# [Records provided]
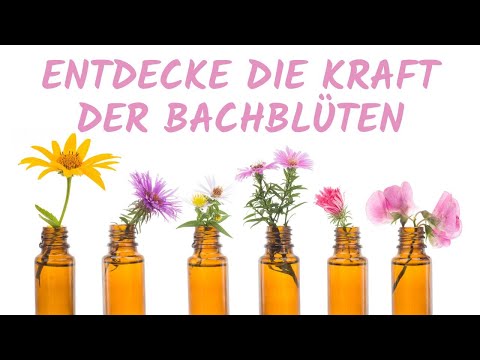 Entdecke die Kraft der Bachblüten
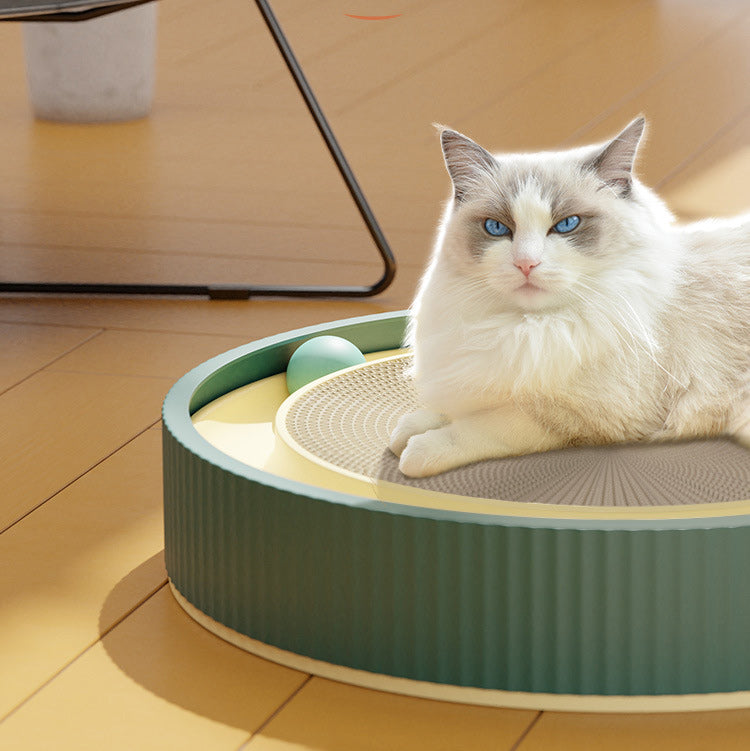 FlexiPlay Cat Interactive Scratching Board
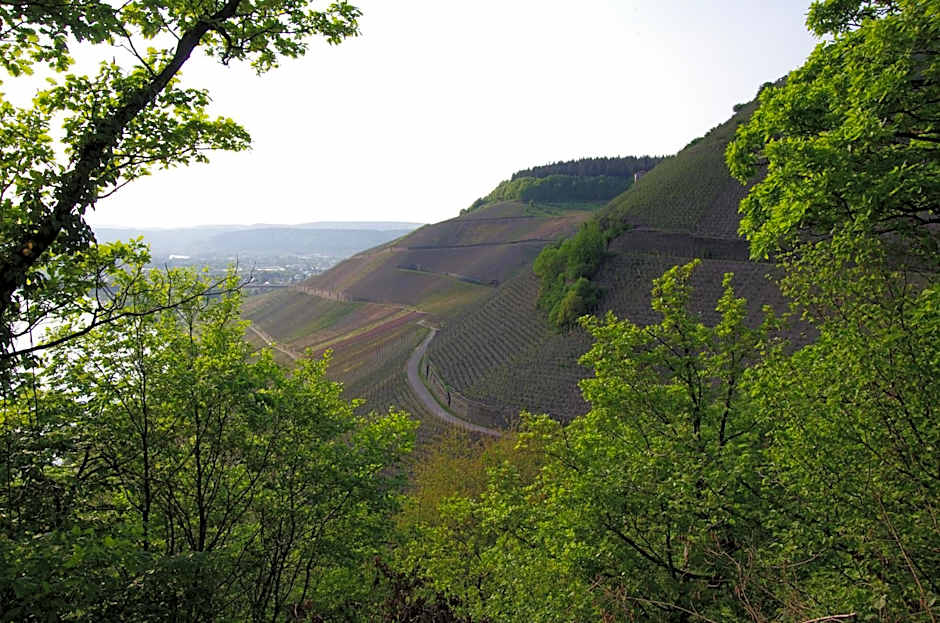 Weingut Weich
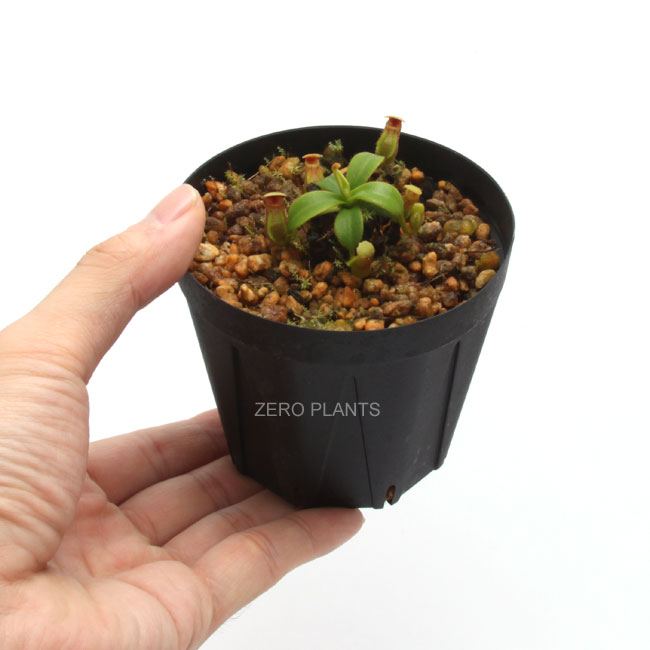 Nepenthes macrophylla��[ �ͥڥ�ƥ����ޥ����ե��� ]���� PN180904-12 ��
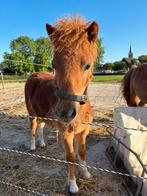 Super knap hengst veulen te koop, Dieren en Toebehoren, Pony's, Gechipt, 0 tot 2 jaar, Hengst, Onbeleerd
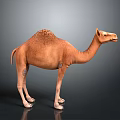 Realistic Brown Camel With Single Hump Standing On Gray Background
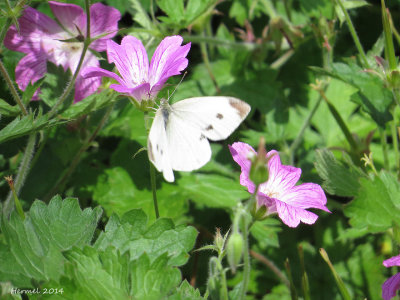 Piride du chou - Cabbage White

# [Exercise]
Only the lines from the one with "Super knap hengst" to the last line of the listing, inclusive, are to be set down, exactly as they stand and without pictures.

# [Written reply]
 Super knap hengst veulen te koop, Dieren en Toebehoren, Pony's, Gechipt, 0 tot 2 jaar, Hengst, Onbeleerd
 Realistic Brown Camel With Single Hump Standing On Gray Background
 Piride du chou - Cabbage White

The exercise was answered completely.